Depuis lors, Tidjane Thiam, puisque c'est de lui qu'il s'agit, a pris l'option de s'installer hors de son pays, pour obtenir sa participation et sa victoire alléguée au soir du scrutin présidentiel du 25 octobre 2025. C'est donc depuis l’extérieur que tout se décide désormais pour le plus vieux parti du continent africain, après l’ANC. Pour commencer, c’est depuis la France qu'il a annoncé avec un triomphalisme démesuré, qu'il s'est libéré de sa nationalité française acquise en 1987. Acculé devant les juridictions par une militante de son parti, c'est encore depuis la France qu'il a démissionné avec fracas de son poste de président du PDCI-RDA. C'est aussi en France qu'il a nommé un président intérimaire et convoqué le premier bureau politique de son parti auquel il n'a pas participé. C'est encore et depuis la France qu'il a été (re)élu in absentia, président du PDCI-RDA au cours du congrès le plus rapide de l'histoire de la politique ivoirienne. C'est toujours depuis la France qu'il a été désigné candidat de son parti à la présidentielle d'octobre 2025 en Côte d'Ivoire et encore et toujours in absentia. Le dernier fait en date remonte à ce week-end où il s'est adressé aux partisans de la CAP-CI depuis un pays européen.

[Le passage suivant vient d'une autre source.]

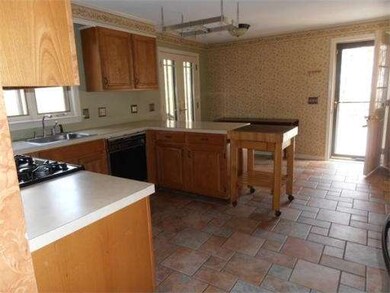 14 Maxwell Rd, Monson, MA 01057 - photo 2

Le moins qu'on puisse dire à la suite de tous ces faits, est que Tidjane Thiam fait face à l'implacable réalité du terrain politique. Produit de la finance internationale, il s'est laissé persuader par une vieille garde nostalgique de la sombre parenthèse de l'ivoirité qu'il est le deus ex machina qui pourra faire revenir le PDCI-RDA au pouvoir d'État. Lui aussi obnubilé par cette promesse quasi messianique, Tidjane Thiam s'est drapé de la toge de l'arrogance politique, en espérant se forger un parcours jupitérien à l’image de son ami (?) Emmanuel Macron. Mais depuis l’ouverture du brûlant dossier de sa double nationalité, l'homme s'est rendu compte qu'il était face à un vrai miroir aux alouettes. S'étant taillé lui-même une réputation surfaite avec une forte inclination pour la maladie des premiers, il pensait que le fait d'appartenir à la famille du père fondateur et le parcours qui a été le sien à Polytechnique Paris suffiraient pour faire de lui, le sixième président de la République de Côte d'Ivoire. Aujourd'hui, il se rend compte que la réalité est tout autre. Étant victime de ses propres turpitudes et désormais dans le dur, il n'a pas d'autres choix que de rester hors du pays pour donner l'impression d'un opposant que l'on empêche de rentrer dans son pays. Mais cette désuète stratégie de victimisation ne peut prospérer, dans la mesure où le pot aux roses de vouloir s’asseoir sur le fauteuil présidentiel sans coup férir a été découvert. Les dés étant jetés, si Thiam veut être ce leader qui compte pour aujourd'hui et demain, il doit cesser de pratiquer la politique in absentia où tout est donné sur un plateau d'or et sans effort. Et cela commence par la leçon apprise du miroir aux alouettes de la scène politique ivoirienne.